Menurutnya, pidato tersebut menampilkan dimensi sejarah, nilai, dan identitas budaya bangsa yang dengan penuh kebanggaan dibawa ke forum terbesar dunia.
“Sebagaimana ditegaskan dalam konstitusi kita, UUD 1945 Pasal 32 ayat 1, negara wajib memajukan kebudayaan nasional Indonesia di tengah peradaban dunia. Pidato Presiden di hadapan Majelis Umum PBB menunjukkan bagaimana kebudayaan Indonesia menjadi kekuatan moral dan peradaban, yang relevan untuk menjawab tantangan global sekaligus memperkuat posisi bangsa di mata dunia,” ujar Menbud.
Di hadapan para kepala negara, lanjut Menbud, Presiden Prabowo menyampaikan dengan penuh keyakinan bahwa dunia hari ini dituntut untuk memilih sisi sejarah yang benar, terutama terkait dukungan bagi perjuangan Palestina. “Presiden menegaskan bahwa dukungan dan pengakuan negara Palestina adalah langkah yang tepat di sisi sejarah yang benar. Sejarah akan terus mencatat, apakah kita membiarkan ketidakadilan berlangsung atau bangkit untuk menjaga martabat kemanusiaan. Ini adalah pesan peradaban yang menjadi arah bagi generasi mendatang,” ujar Fadli.

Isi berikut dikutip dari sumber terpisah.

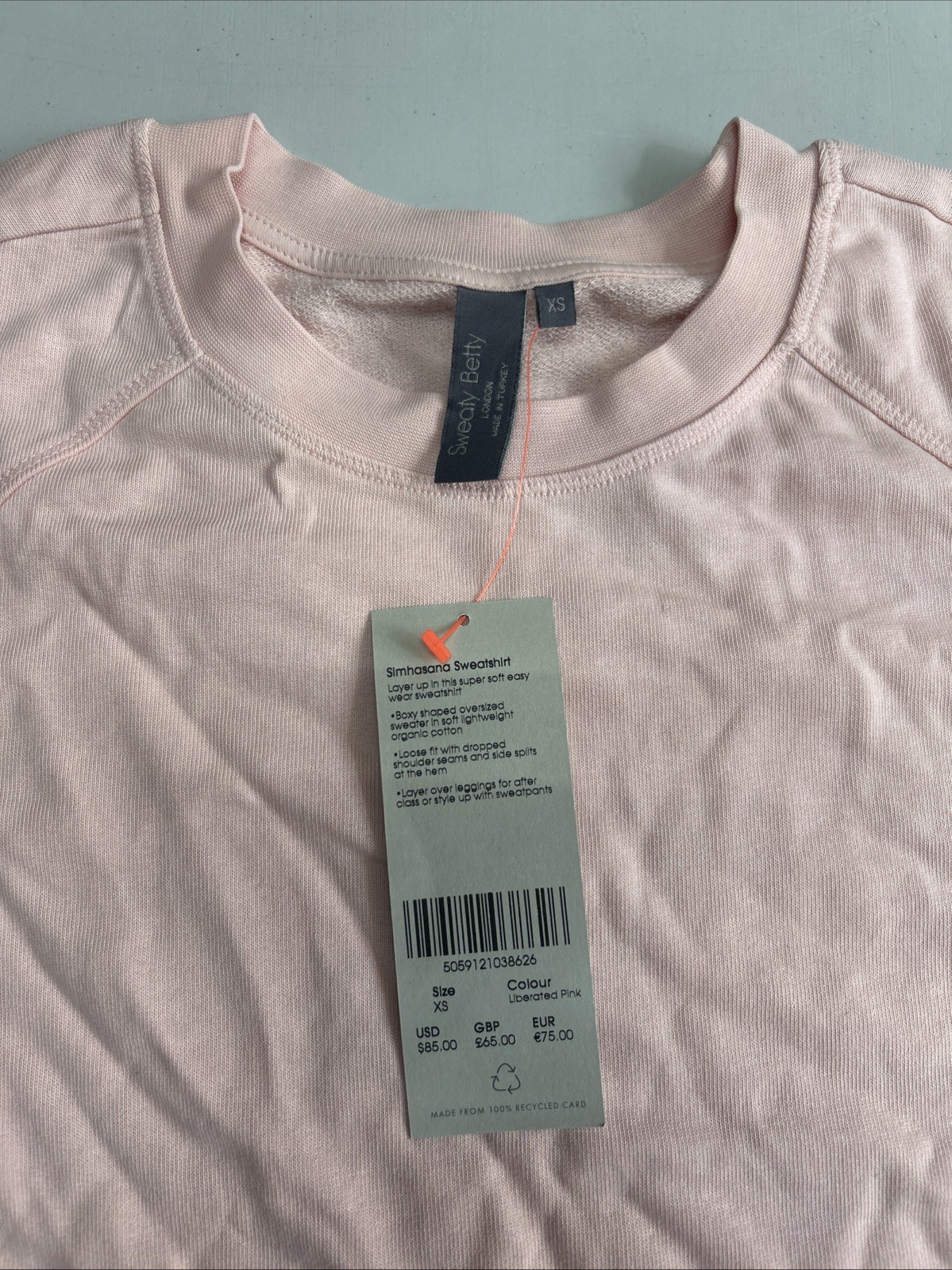 NWT Sweaty Betty Simhasana Sweatshirt Pullover Liberated Pink Size XS image 2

Fadli juga menyoroti pidato Presiden yang mengingatkan tentang refleksi perjalanan bangsa Indonesia di masa kolonialisme, penindasan, dan perjuangan panjang menuju kemerdekaan. “Presiden menekankan bagaimana kita tahu arti penderitaan, arti hidup dalam apartheid, arti dirampas dari keadilan. Dari pengalaman itu, Indonesia belajar bahwa solidaritas global adalah kunci. Ini bukan hanya berbicara tentang Indonesia, tetapi tentang kemanusiaan secara universal,” jelas Fadli.

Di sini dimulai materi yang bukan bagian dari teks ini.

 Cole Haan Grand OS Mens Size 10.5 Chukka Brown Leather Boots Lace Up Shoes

Ia menilai kutipan Presiden dari Thucydides, The strong do what they can, the weak suffer what they must, sebagai peringatan bahwa tatanan dunia yang adil harus menolak doktrin kekuasaan semata. “Indonesia menegaskan bahwa yang benar harus tetap benar, bukan yang kuat yang menentukan kebenaran. Itulah prinsip sejarah yang membimbing arah peradaban,” tambahnya.

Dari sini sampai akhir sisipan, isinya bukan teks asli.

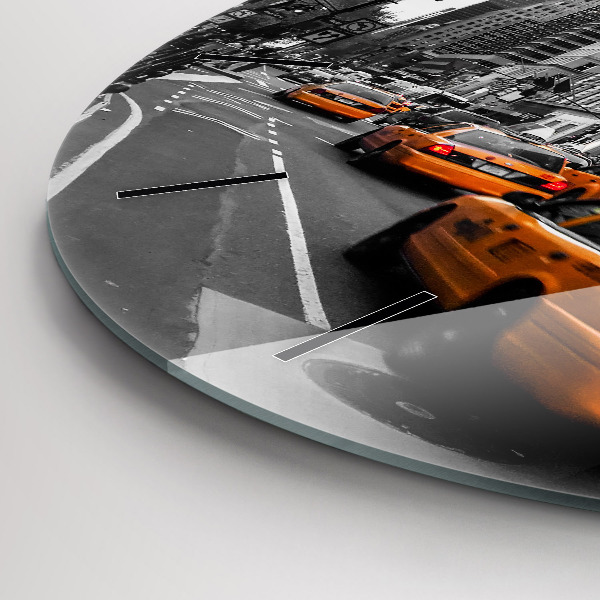 Round glass wall clock Manhattan and Taxis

Dalam pidatonya, Presiden juga menegaskan bahwa Indonesia telah mencapai swasembada beras dan siap membantu dunia melalui ekspor pangan serta program ketahanan pangan global. Menbud menilai hal ini bukan hanya capaian ekonomi, tetapi juga capaian budaya.
“Indonesia memiliki tradisi agraris yang panjang. Dari sawah, ladang, hingga kebun rakyat, pangan adalah bagian dari identitas budaya kita. Bersama masyarakat, Kementerian Kebudayaan secara aktif melestarikan pangan lokal melalui pendataan di berbagai daerah, khususnya di komunitas adat. Pengetahuan turun-temurun tentang agraria, varietas pangan lokal, dan praktik budaya dalam mengelola tanah adalah warisan yang harus dilindungi,” ujar Fadli.
Ia menegaskan bahwa pelindungan pangan lokal berarti melestarikan identitas, memperkuat kedaulatan, dan menyiapkan masa depan. “Ketahanan pangan yang dibangun Indonesia adalah ketahanan yang berakar pada budaya. Ini adalah kontribusi budaya dan ilmu pengetahuan yang bersumber dari pengalaman sejarah bangsa kita bagi dunia, memadukan tradisi dan inovasi untuk menjawab krisis pangan dan iklim global,” tambahnya.
Fadli menegaskan, Kementerian Kebudayaan akan terus mendukung visi Presiden dengan memperluas diplomasi budaya Indonesia di dunia internasional. “Pidato Presiden di PBB meneguhkan bahwa Indonesia bukan sekadar negara berkembang yang secara pasif berpartisipasi, melainkan bangsa dengan warisan peradaban besar yang siap turut menentukan arah. Diplomasi budaya akan menjadi salah satu instrumen utama untuk membawa pesan ini ke dunia,” tegasnya.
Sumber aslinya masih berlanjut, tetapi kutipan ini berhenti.